That brings to mind–any may have been what you were thinking of–the joke about American beer being like sex in a canoe.
It’s a dad joke you tell when your kid turns 18. Even Monty Python did it. Monty Python didn’t do any jokes that were preempted. They did original material, a lot of which I didn’t find amusing. Even after taking a few classes in English History. So this seems relevant:
The Parrot Scene. This is a scene I didn’t find funny no matter how many people tried to describe it to me, after I watched it.
Has no-one heard of melting the ice with salt, turning it into a sub-0 (celsius) liquid?
Cans/bottles immersed in that would cool down even quicker, and with practically no chance of causing a soda explosion…
Is that a thing people do? I imagine disposal of the brine at the end of the day could be problematic. Repeatedly dumping salt water out on a lawn somewhere would be bad for the greenery. (Of course, you could always ask people not to do that, but hard-partying Bud Light drinkers do not strike me as the sort to heed such prodding.)

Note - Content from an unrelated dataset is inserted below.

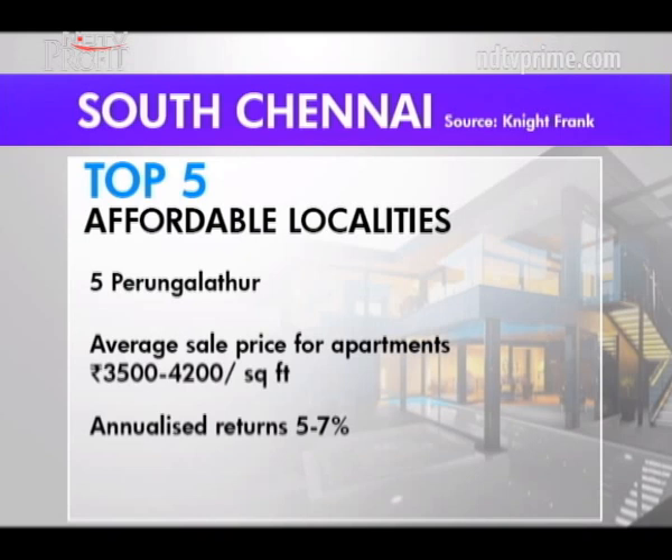Perungalathur gets a big thumbs up. It is home to industries like Nissan, Ashok Leyland and TBS, and has major infrastructure projects like the six-lane Chennai Peripheral Road from Sri Perungalathur to Ennore Port, and the 350-acre Aerospace and Logistics Park at Sri Perungalathur. Prices have gone up steadily by 15% in the last five years in the Arakkonam–Perungalathur–Sri Perungalathur belt, making it a good bet for investors.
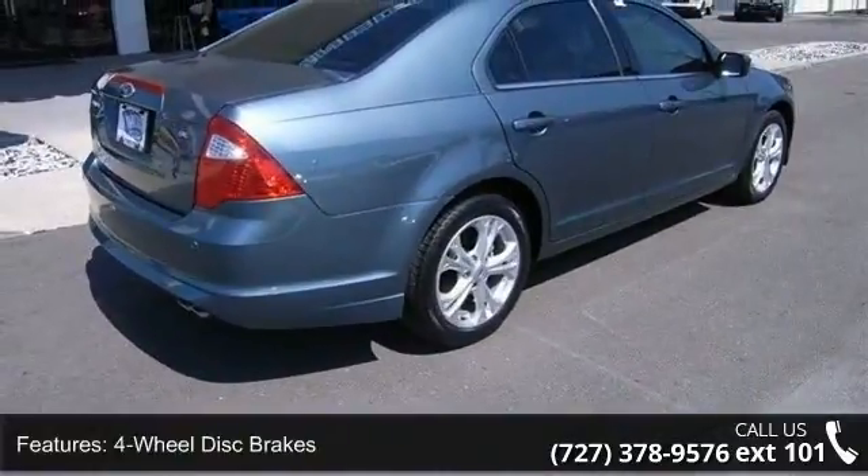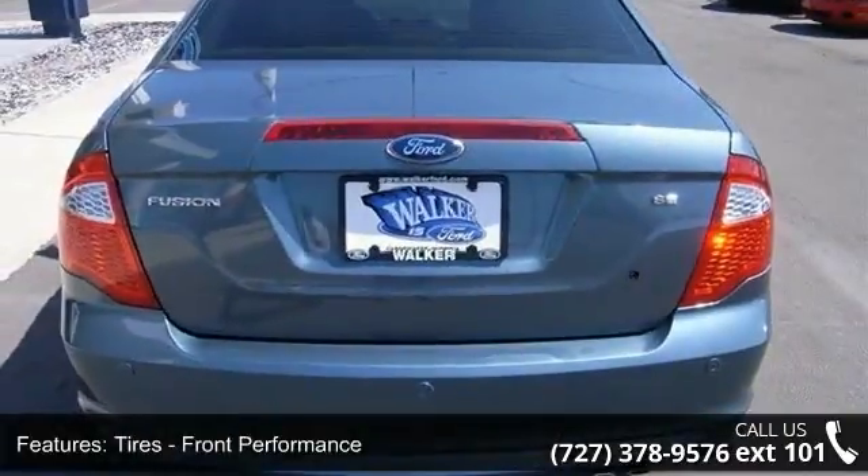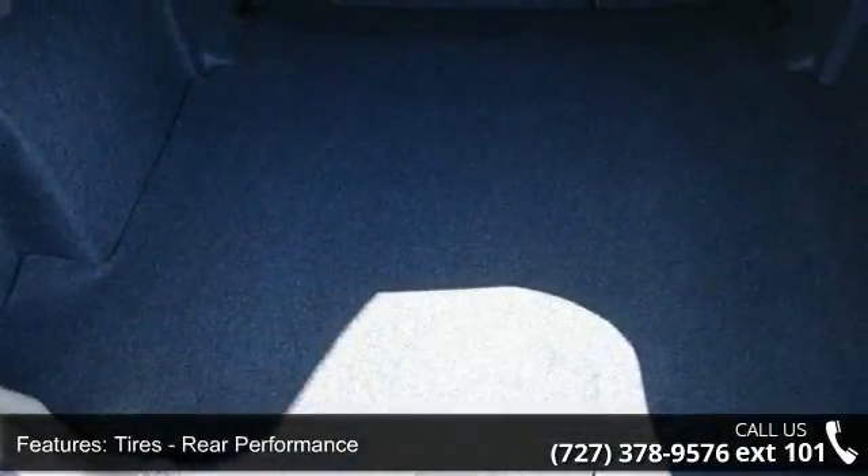This vehicle shows low mileage and offers a smooth ride. Let us put you in the driver's seat today. Call or click to contact your dealership.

You tip and tip and tip, and ultimately are unsatisfied?
Way to spin a product.
The amount of agitation is very important. The fewer little bubbles and other nonhomogenities, the fewer big bubbles form. The bubble formation is an energetically more demanding process than growth of an existing bubble; in a homogeneous liquid you get big bubbles that disintegrate easily instead of a mass of small bubbles forming a foam. Slow smooth spinning will introduce fewer bubbles than shaking.
If you have a chest freezer you could always keep a coolbox full of brine in there, it’s not as if it’d go off or anything. Obviously you’d also be hauling that weight back home with you at the end of the day though.
It’s not something I’ve tried out and about, but it’s a technique I use when I need to cool a liquid down really low (comparatively) and keep it there while I do something with it.
Why would you want cold beer?
Save your $20, and just add salt to the ice. It will accomplish the same thing, doesn’t use batteries, and can cool multiple cans at the same time. However, this spin device will probably appeal to the same type of person who brings their own pepper mill to restaurants.
We use salt water coolers for already salty beaches.
Why oh why was my first thought “hey, I bet you could attach that to a covert fleshlight”
“…and spin!”
I tell you what, if you don’t use enough lube then you’re gonna be circumcised … again.
These things work, my wife got one back in the 90s when we were first married, she was pissed at such a stupid gift, I loved it but it irritated her to no end every time I used it.
It really gets a can of coke down to fridge cold in about 60-90 sec.
I think it works by exposing the entire aluminium surface to the ice, spin pumping away the melt water for better ice contact, and gently swirling the coke, but I do know they work fast.